Kyrgyzstan, Tajikistan reach 90 percent agreement on border
Topographers and legal experts from the two countries this week reached a resolution on another 3.71 kilometers of the border.
Kyrgyzstan and Tajikistan have inched further forward to a final settlement to end decades of acrimonious disputes by agreeing on the delimitation of 90 percent of previously contested territory.
Tajik state news agency Khovar reported in an update on February 5 that topographers and legal experts from the two countries had reached a resolution on another 3.71 kilometers of their shared border.
That report was published on the same day that Tajik President Emomali Rahmon met in Dushanbe with visiting Kyrgyz Foreign Minister Jeenbek Kulubayev.
An official statement from Rahmon’s office quoted him advocating “political dialogue and the strengthening of an atmosphere of trust … between the two countries on the basis of a centuries-old bond of friendship and on the principles of good neighborliness.”

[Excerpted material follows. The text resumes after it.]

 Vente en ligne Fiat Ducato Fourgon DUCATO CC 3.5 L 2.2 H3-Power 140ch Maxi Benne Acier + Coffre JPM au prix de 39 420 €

A press release issued by Kulubayev’s ministry described bilateral relations with Tajikistan as a priority in Kyrgyzstan’s foreign policy doctrine.
Amid all the decades of squabbling — the nadir came with two brief but bloody border confrontations in 2021 and 2022 — Kyrgyzstan and Tajikistan have enjoyed a sometimes symbiotically useful relationship.

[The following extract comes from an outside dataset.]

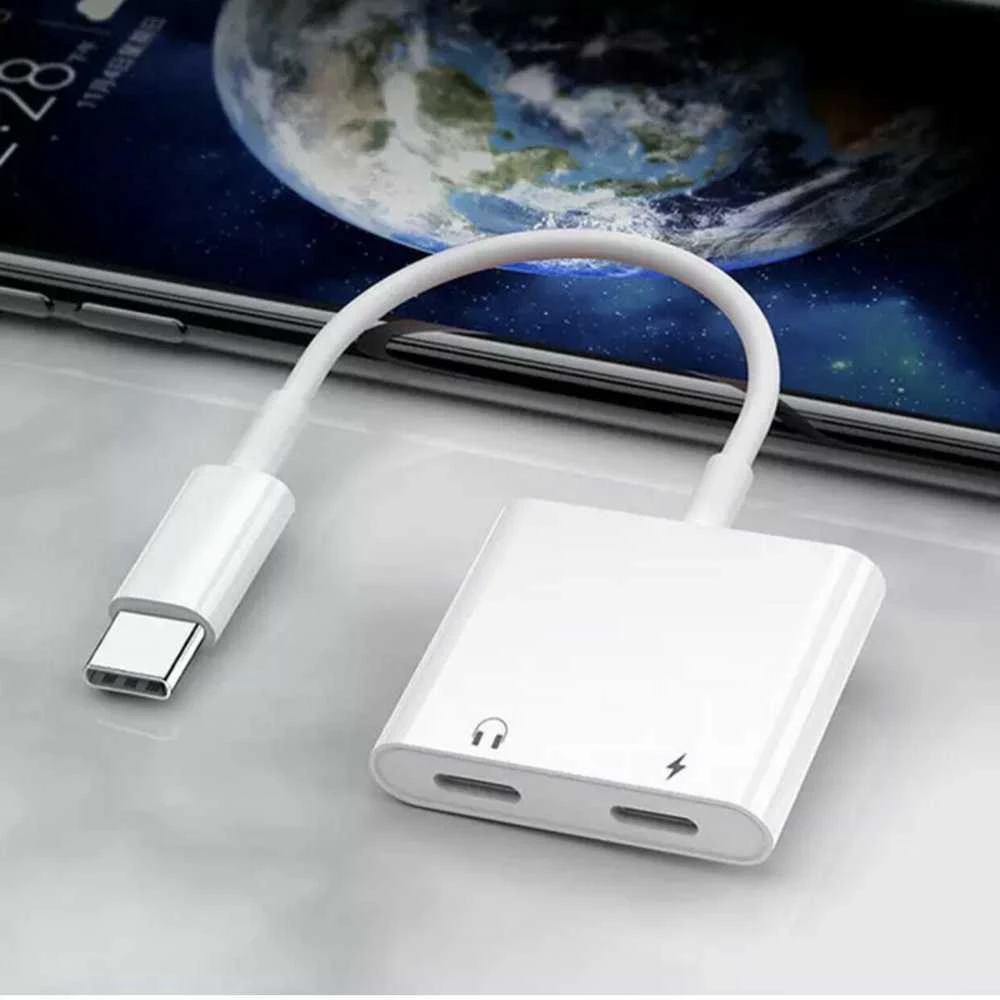 USB-C skirstytuvas su įkrovimo ir garso lizdais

There was a time when border crossings with Kyrgyzstan were the only ones that Tajiks could use to leave their own country overland. Uzbekistan under the late President Islam Karimov was low-level hostile to its neighbors, Afghanistan has been gripped by varying levels of turmoil and China kept people at a distance by means of bureaucracy.
Residents of Tajikistan’s northern region of Sughd and the highland Gorno-Badakhshan Autonomous Region in the east often made their way to the airport in the Kyrgyz city of Osh to travel further afield at affordable prices.
That ground to a halt a few years ago. A combination of official and independent media sources has assessed the number of people killed in the September 2022 conflict, including both armed combatants and civilians, at around 400.
When the borders closed following the fighting of 2021 and 2022, official trade turnover plummeted to nothing. Smugglers continued to ply their wares across the border, however.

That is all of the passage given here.